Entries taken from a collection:
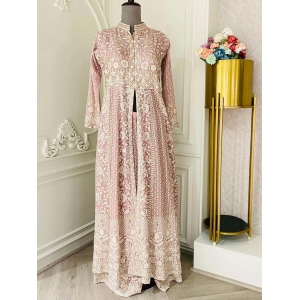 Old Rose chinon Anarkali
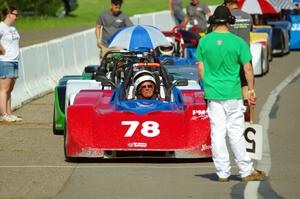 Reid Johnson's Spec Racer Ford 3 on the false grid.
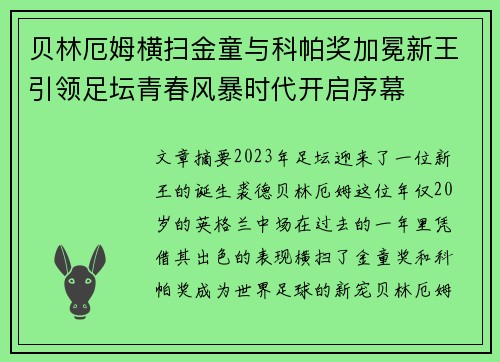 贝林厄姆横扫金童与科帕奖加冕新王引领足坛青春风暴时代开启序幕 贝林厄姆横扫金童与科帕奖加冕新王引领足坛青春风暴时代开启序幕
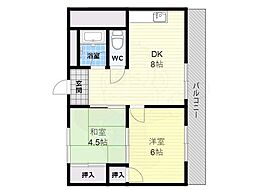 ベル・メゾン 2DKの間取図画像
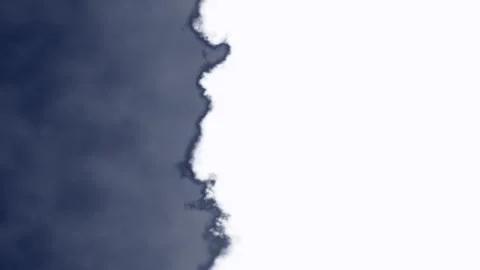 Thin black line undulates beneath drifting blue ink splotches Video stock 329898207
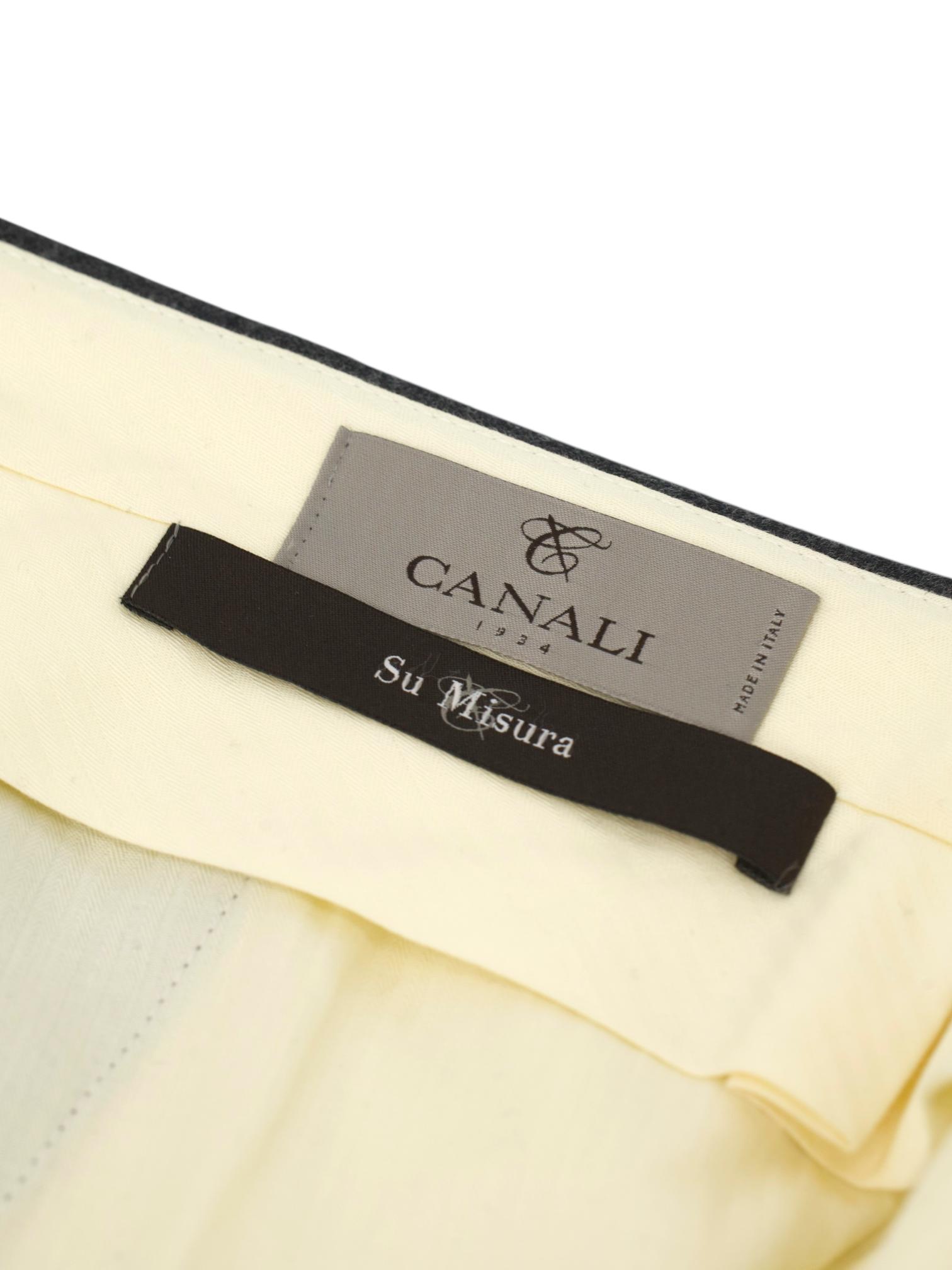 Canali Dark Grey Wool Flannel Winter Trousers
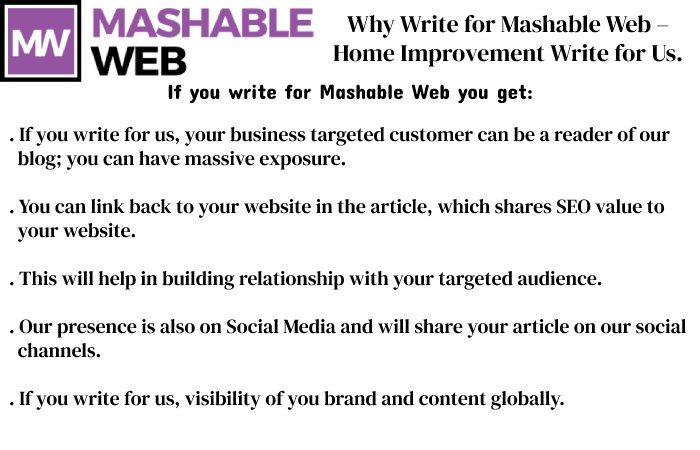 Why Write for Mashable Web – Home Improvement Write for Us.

Exercise goal:
The result should be every entry, word for word, and no pictures.

Finished exercise:
 Old Rose chinon Anarkali
 Reid Johnson's Spec Racer Ford 3 on the false grid.
 贝林厄姆横扫金童与科帕奖加冕新王引领足坛青春风暴时代开启序幕 贝林厄姆横扫金童与科帕奖加冕新王引领足坛青春风暴时代开启序幕
 ベル・メゾン 2DKの間取図画像
 Thin black line undulates beneath drifting blue ink splotches Video stock 329898207
 Canali Dark Grey Wool Flannel Winter Trousers
 Why Write for Mashable Web – Home Improvement Write for Us.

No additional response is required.